29   MisdemeanorRebel   2015 Feb 21, 12:52pm  

Reality says

Nope, you are only proving your own ignorance of what Praxeology is

Back at you. You are confusing Neoclassical Economics with Austrianism.

Hayek Said in Individualism and Economic Order (Page 73 if you're arsed to check):


(Economic Theory) can never be verified or falsified by reference to facts. All that we can and must verify is the presence of our assumptions in the particular case

Let me repeat that shit: can never be verified or falsified by reference to facts. That isn't the fucking scientific method, in the hard OR soft sciences. It's proof by (deductive) logic. It's Scholasticism. It's no surprise that many Austrians worship Thomas Aquinas.

Here's some more quotes:

Praxeology is the study of those aspects of human action that can be grasped a priori; in other words, it is concerned with the conceptual analysis and logical implications of preference, choice, means-end schemes, and so forth.

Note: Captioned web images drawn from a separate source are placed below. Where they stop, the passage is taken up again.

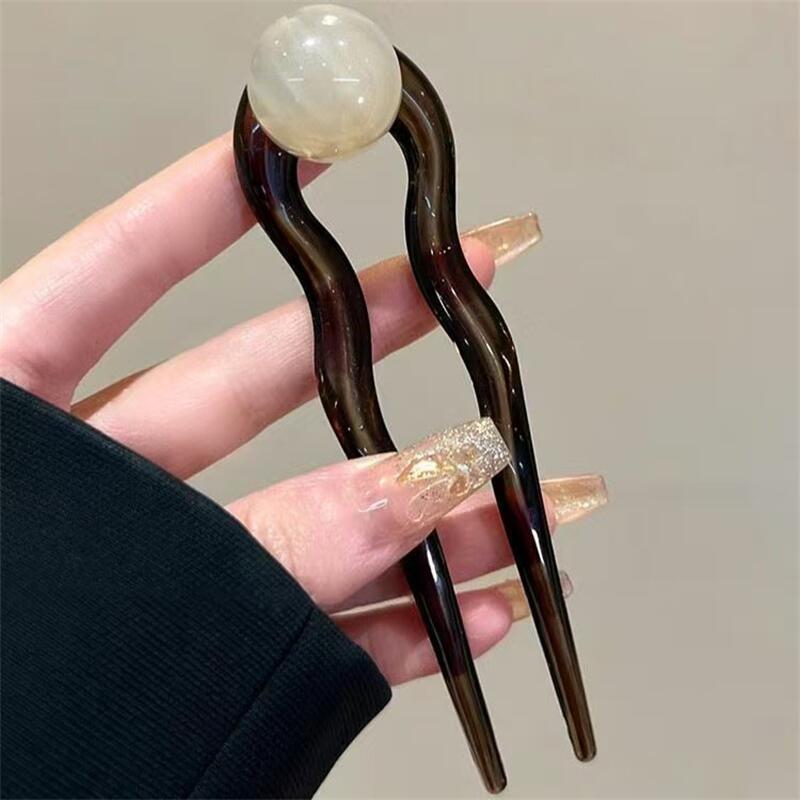 패션 컬러 진주 U자형 헤어 스틱 헤어핀 헤어 포크 번 - Pearl Hair Pin 리뷰 및 가격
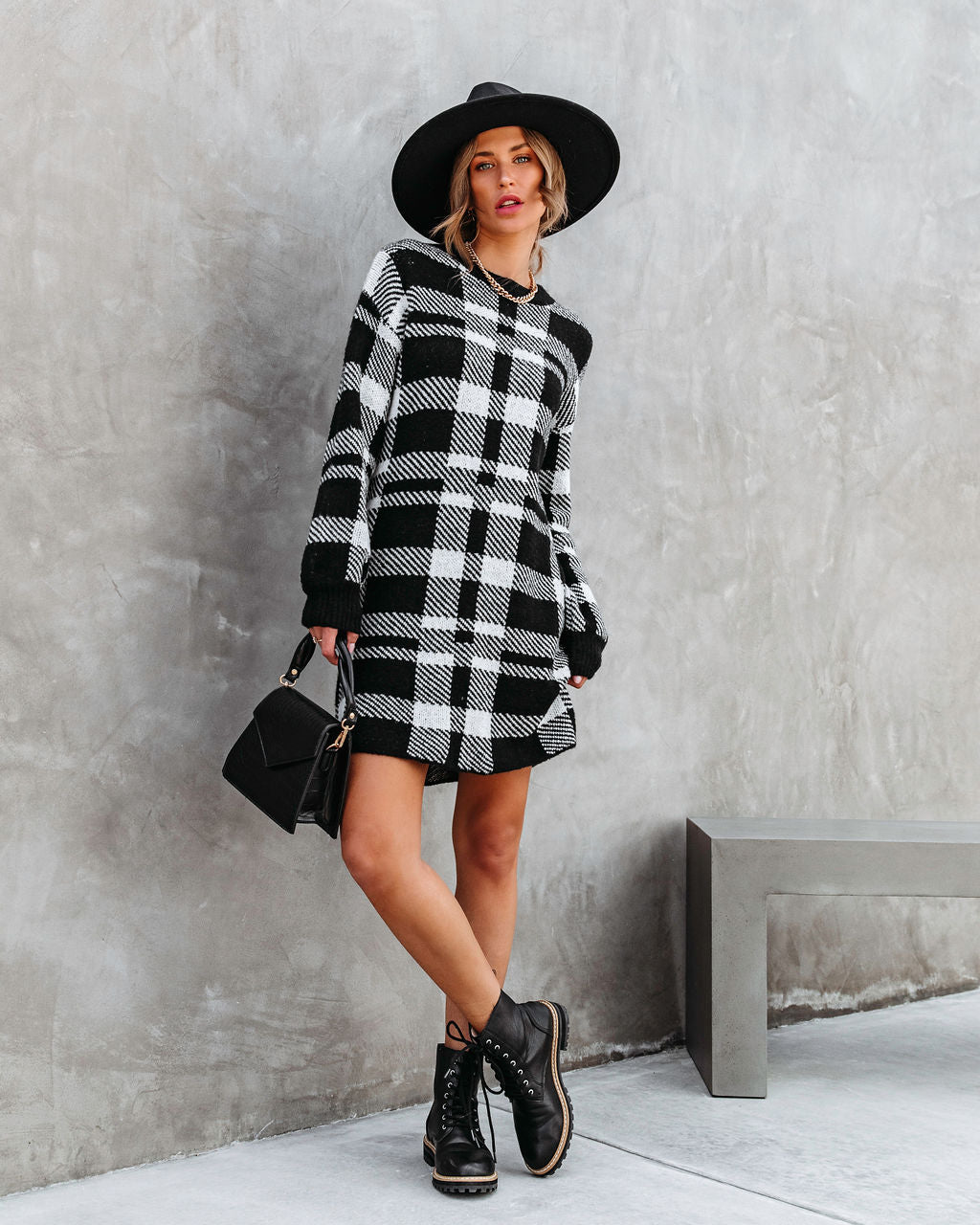 Very Forward Plaid Knit Sweater Dress - Se7enfashion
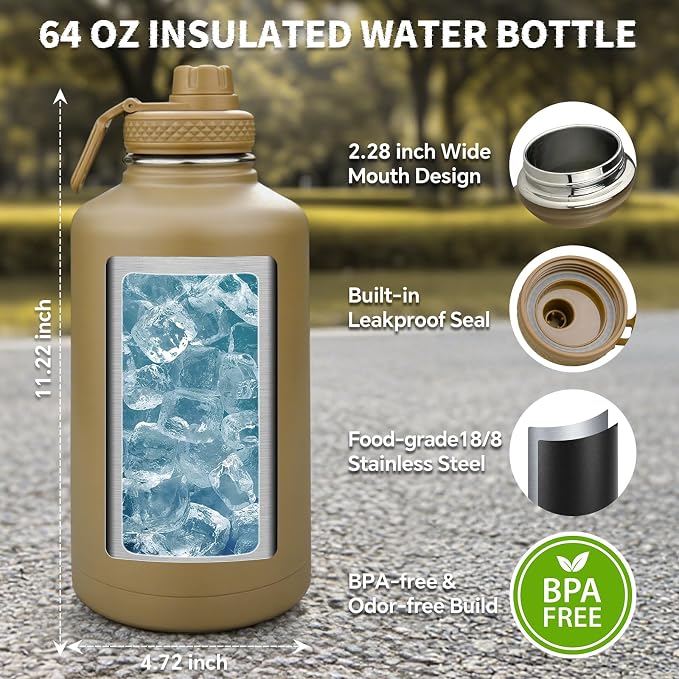 DEFUNX Half Gallon Water Bottle Insulated with Sleeve - Tactical 64 oz Stainless Steel Water Jug with MOLLE Water Bottle Pouch, Gym Water Bottles for Men Hiking Workout (Desert Digital Camo)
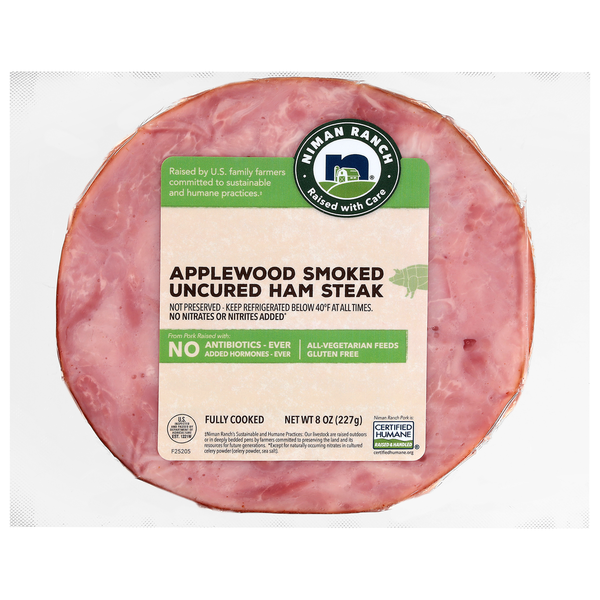Niman Ranch Applewood Smoked Uncured Ham Steak Same-Day Delivery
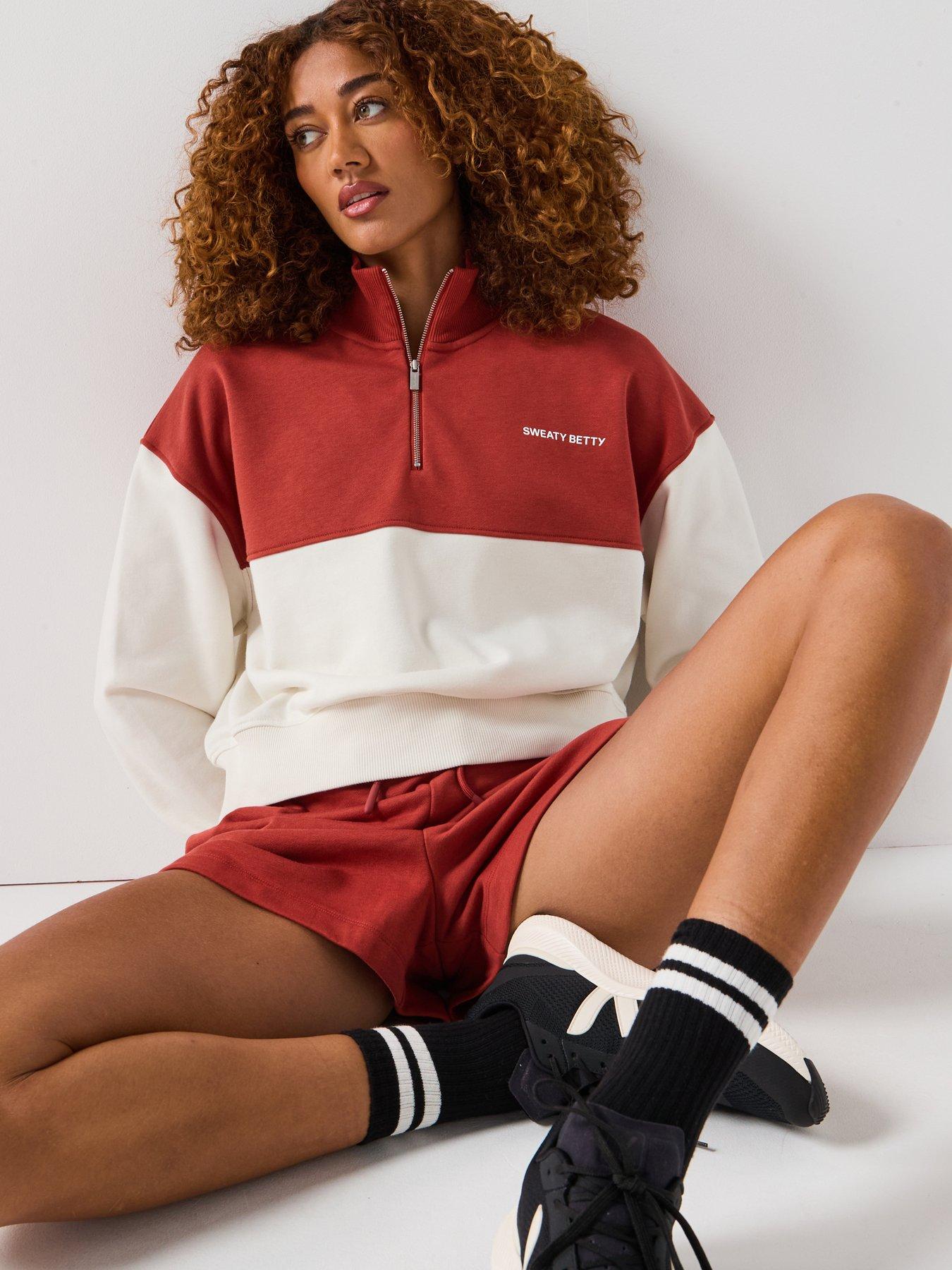 Image 5 of 5 of Sweaty Betty Womens Training Revive Crop Half Zip - White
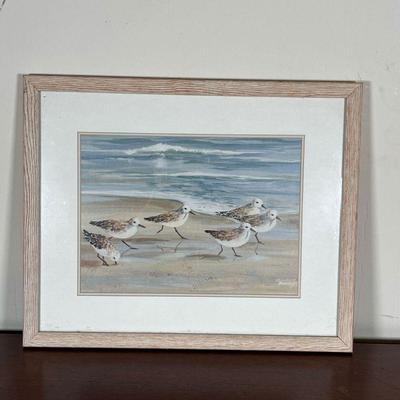 SHORE BIRDS PRINT  |
Print of a watercolor painting by Jacqueline Penney, showing birds on a beach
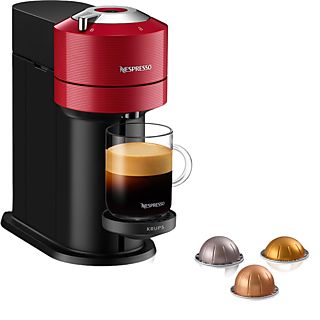 REACONDICIONADO B: Cafetera de cápsulas - Nespresso® Krups Vertuo XN9105, 1500 W, 1.1 l, Wi-Fi, Bluetooth, Rojo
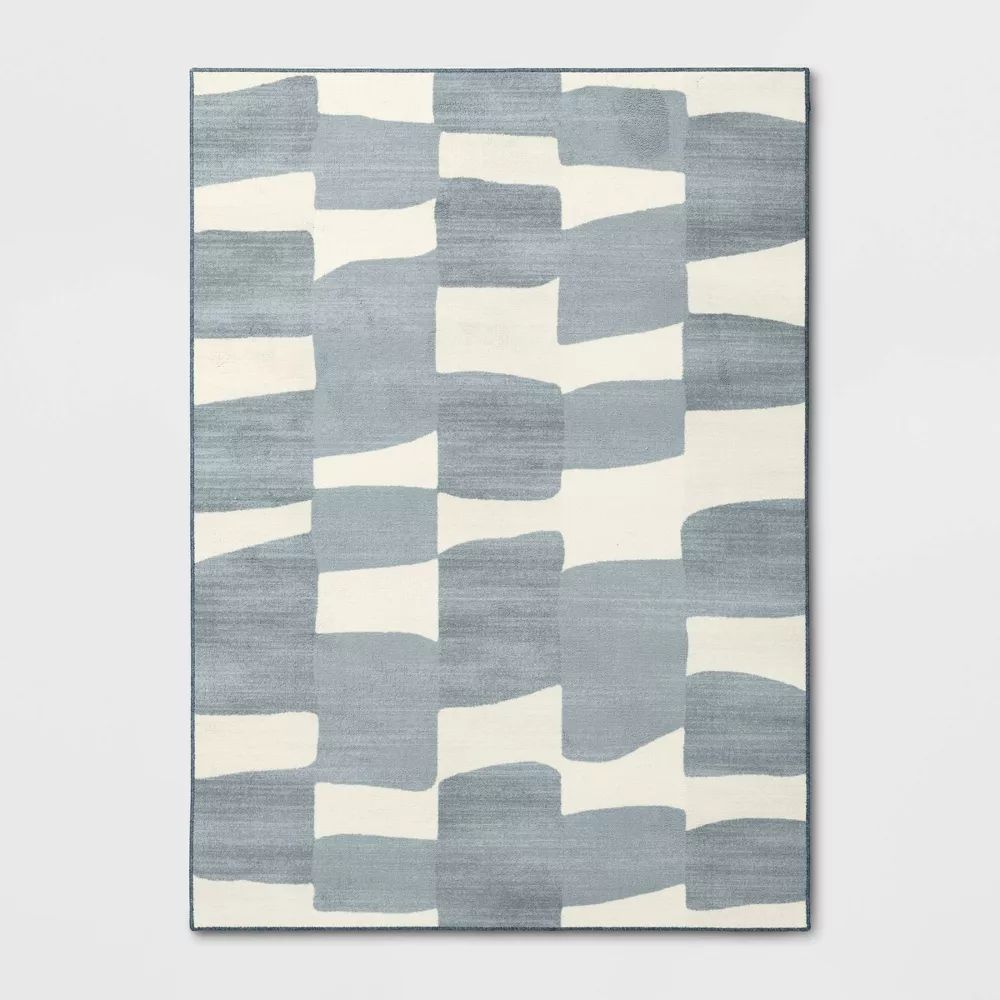 5'x7' Organic Shapes Area Rug Blue - Room Essentials: Abstract Tufted, Fade & Stain-Resistant, Indoor Use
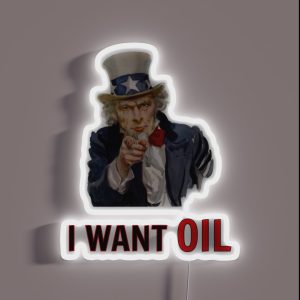 Uncle Sam I Want Oil Impropaganda RGB Neon Sign Uncle Sam I Want Oil Impropaganda RGB Neon Sign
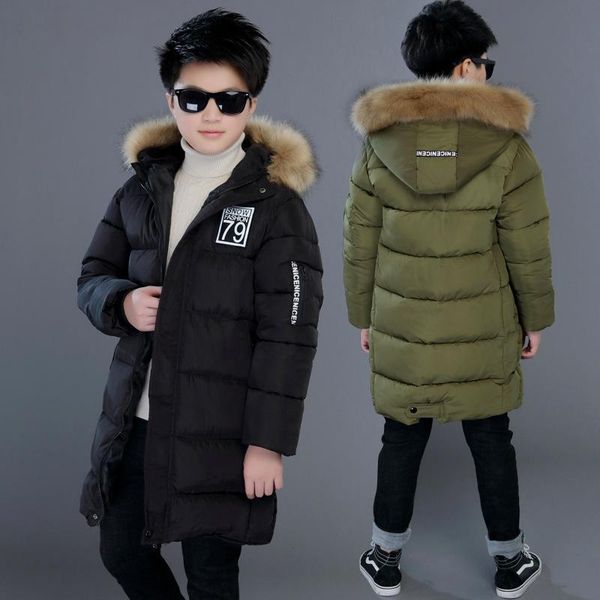 Garotos de inverno para baixo jaquetas pele moletom moda crianças casacos quentes crianças à prova de vento outerwear grossa roupas grandes roupas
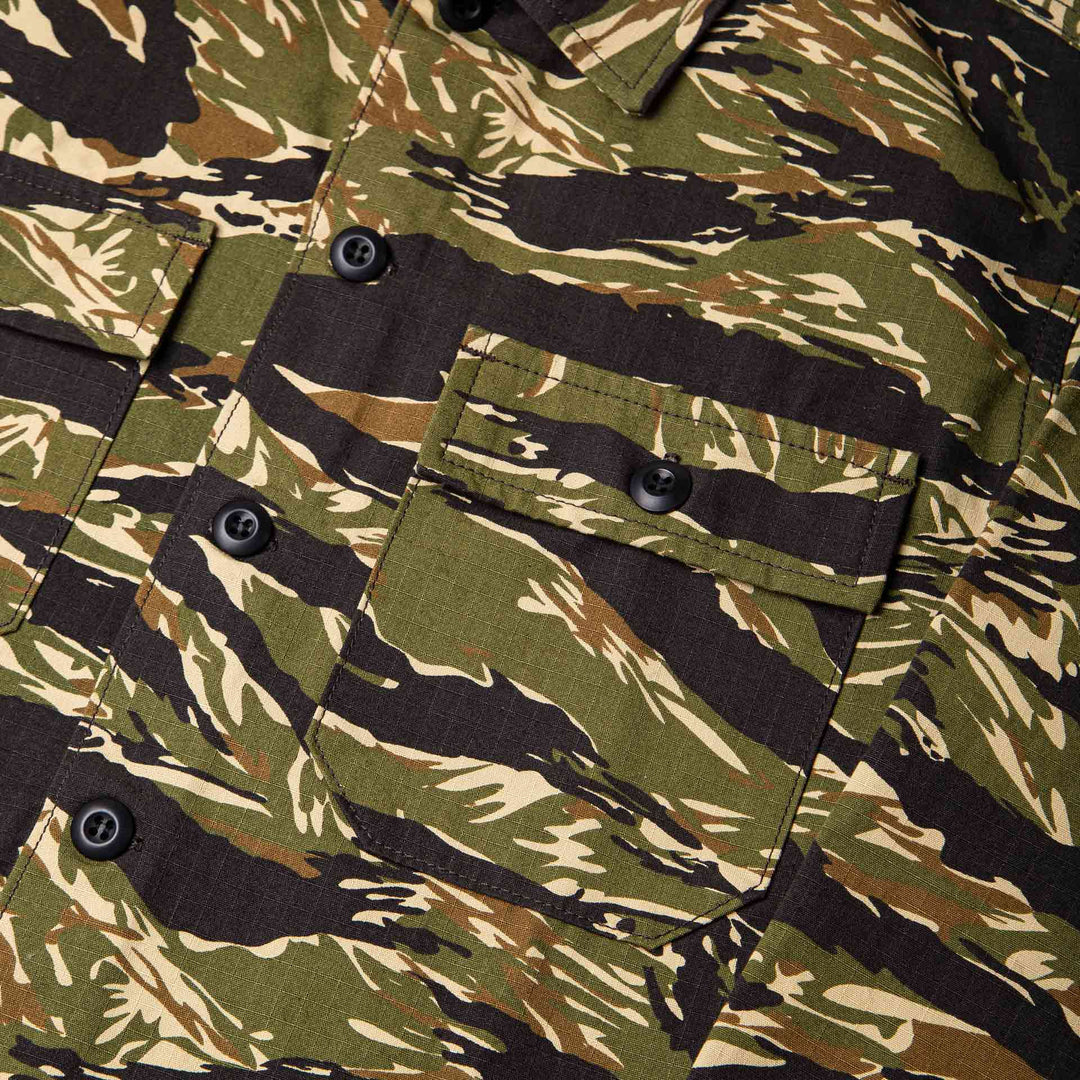 BWS-03 Military Overshirt - 8oz Tiger Camo Ripstop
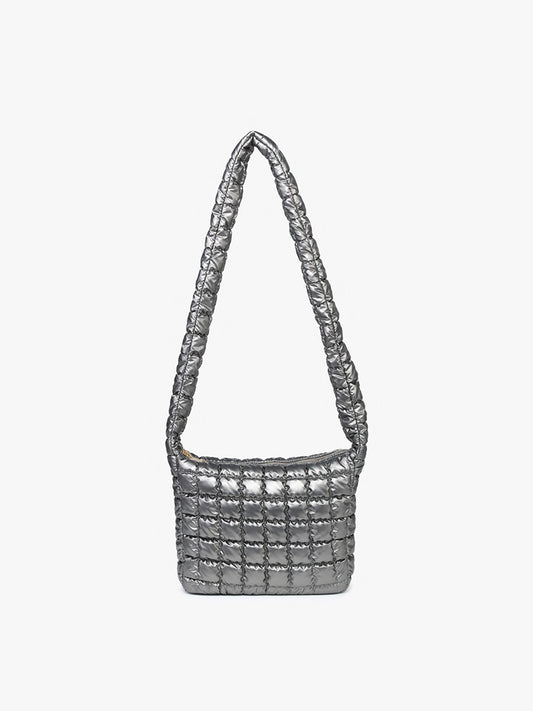 Gunmetal puffer purse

http://praxeology.net/praxeo.htm

ROTHBARD:


While the praxeological method is, to say the least, out of fashion in contemporary economics as well as in social science generally and in the philosophy of science, it was the basic method of the earlier Austrian School and also of a considerable segment of the older classical school, in particular of J.B. Say and Nassau W. Senior.[2]

Praxeology rests on the fundamental axiom that individual human beings act, that is, on the primordial fact that individuals engage in conscious actions toward chosen goals. This concept of action contrasts to purely reflexive, or knee-jerk, behavior, which is not directed toward goals. The praxeological method spins out by verbal deduction the logical implications of that primordial fact. In short, praxeological economics is the structure of logical implications of the fact that individuals act.


https://mises.org/library/praxeology-methodology-austrian-economics

Reality says

Before Mises and his Praxeology, the study of economics was divided into two distinct fields: that of Micro Economics (which is based on individual rational decision making), and that of Macro Economics (which is based on (spurious) statistics). Praxeology is an effort at unifying the two separate areas of economic studies. What's becoming increasingly clear over time is that much of the so-called "Macro Economic" "rules" are little more than transient phenomena before people fully apply their rationality to changed circumstances.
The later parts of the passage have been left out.